First week of logs from new https site - Webmaster General forum at WebmasterWorld - WebmasterWorld

Forum Moderators: phranque

Message Too Old, No Replies

First week of logs from new https site

Looking at Google and Bing hits

SumGuy

5:02 am on Nov 16, 2018 (gmt 0)

Top Contributors Of The Month

To summarize: My HTTP website has been running on IIS4 / NT4 since 1998. A month or so ago I began looking into HTTPS but couldn't get a workable cert for IIS4, so I have installed Abyss web server and replicated all my site's original files over to the Abyss server. Other than making sure my site answers on both http (IIS4) and https (Abyss) I have no re-direct (301 - yes?) from http to https.

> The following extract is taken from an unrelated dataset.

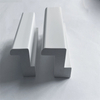Wholesale Price of PVC Plantation Shutters Frame Components Bullnoze Z Frame (Big Size)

Looking at the Abyss logs from Nov 8 to 14, Google has hit the https site and requested only these files:

/.well-known/assetlinks.json (got 404)
/ads.txt (got 404)
/index.html
/robots.txt

It has requested the above multiple times during those 6 days (total = 31) from 66.249.64.x and 66.249.66.x. So it has not been crawling the site at all. Bing has been more active (more hits) but it's only asking for /index.html and (rarely) /robots.txt. Bing hits from 157.55.39.x and 207.46.13.x. - about a couple hundred requests in total. So Bing isin't crawling the https site either.

I'm wondering why google and bing, after getting the index.hml page, aren't using it to crawl the site yet. They've been doing that to the http site for many years.

Yesterday it appears I did get an actual hit to the https site (from an IP in Israel) with these parameters:

IP: 83.130.239.X
User-Agent: Mozilla/5.0 (Windows NT 10.0; WOW64; Trident/7.0; rv:11.0) like Gecko
Referer:

htt ps://www.google.com/url?sa=t&rct=j&q=&esrc=s&source=web&cd=5&ved=(lots of alpha-numberic-characters)&url=https%3A%2F%2F(my-domain)%2F&usg=(more alpha-numeric)

Accept:text/html, application/xhtml+xml, image/jxr, */*
Accept-Language:en-US,en;q=0.7,he;q=0.3
Accept-Encodinggzip, deflate

This is my first experience seeing extended logging info like the accept headers. Am I missing anything?

Regarding the above referer URL - I'm a bit surprised or puzzled by the extended string. I don't see that in the logs for the http site. Is there any use I can make out of this extended URL?

phranque

5:29 am on Nov 16, 2018 (gmt 0)

WebmasterWorld Administrator

10+ Year Member

Top Contributors Of The Month

are you you using GSC and BWT to track crawling and indexing of the http and https sites?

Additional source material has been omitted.